Several countries, including Pakistan, have expressed the desire to learn from Sri Lanka’s experience in successfully fighting terrorism, according to Sri Lankan Army chief Jagath Jayasuriya.
Speaking at his Regimental Headquarters here on Thursday, Lieutenant-General Jayasuriya said the Army had no hesitation in sharing the knowledge with the armies of other countries.
The Army chief said, in his assessment, Sri Lanka’s military strength needed to be enhanced from the present 2,00,000 to 2,25,000. “The actual new recruits could be around 50,000 as for the last two-and-half years those eligible to retire were not permitted due to war.”
Lieutenant-General Jayasuriya said his endeavour would be to transform the Army to cope with post-conflict challenges.

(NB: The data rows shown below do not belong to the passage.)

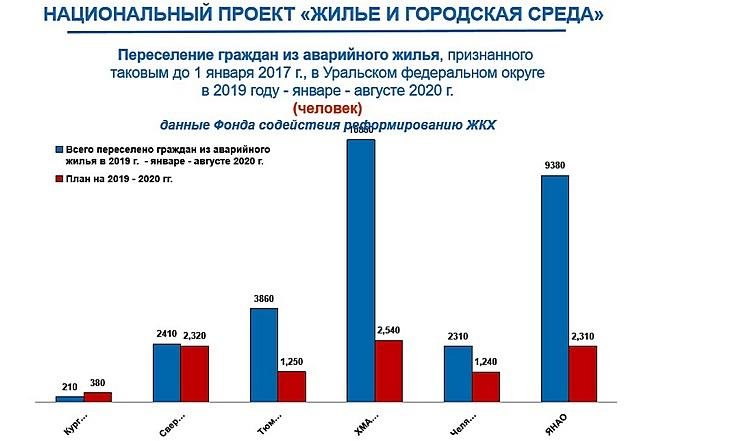 Национальный проект Жилье и городская среда_4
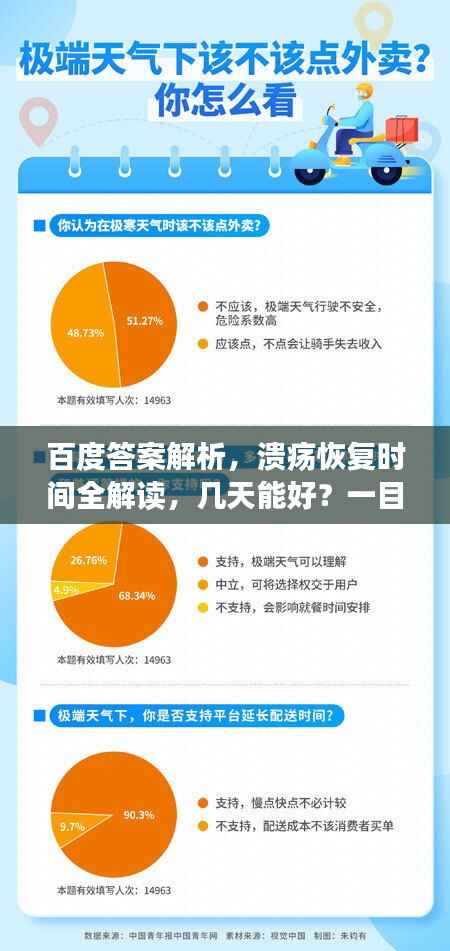 百度答案解析，溃疡恢复时间全解读，几天能好？一目了然！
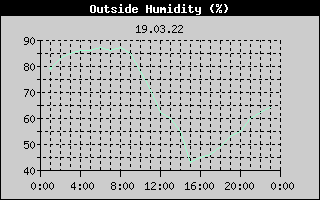 Outside Humidity History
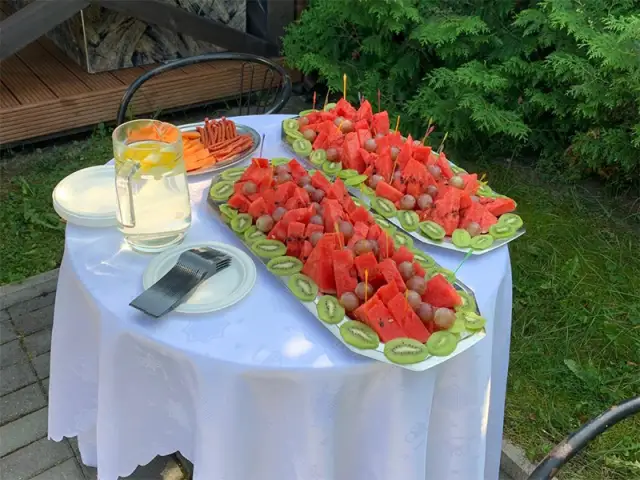 			Izbraukuma bēru mielasti
	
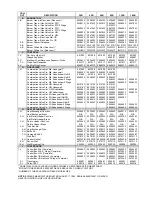 Предварительный просмотр 3 страницы Raypak 180B Illustrate Parts List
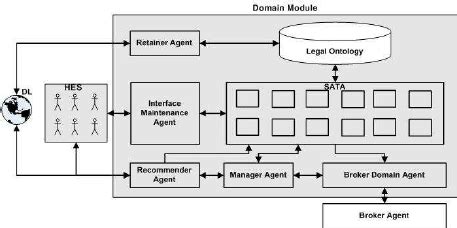 Module Experts 的图像结果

He said the Army would soon send more of its engineers for additional de-mining work. “I have already sent 400 engineering troops for de-mining and I am sending more battalions to be trained in ‘humanitarian de-mining,’” he said and added that the military did not have a precise estimate of land mines planted by the LTTE. “An area about 3,100 square miles [8,000 sq.km.], including Mannar, Kilinochchi, Mullaithivu and parts of Jaffna districts, must be de-mined before it will be safe enough for the Tamils to return. Without de-mining, I don’t think we can take a chance,” said the General. “We have four international non-governmental organisations helping us now and I want to use mechanised mine clearing to speed up the process,” he added.
The government is committed to a 180-day programme for rehabilitation but holds that there is no way the war-displaced can return immediately as the areas, which were earlier under the control of the LTTE, are heavily mined and basic infrastructure is in rubble.
It also emphasises the need to weed out remaining Tiger cadres from among the civilians.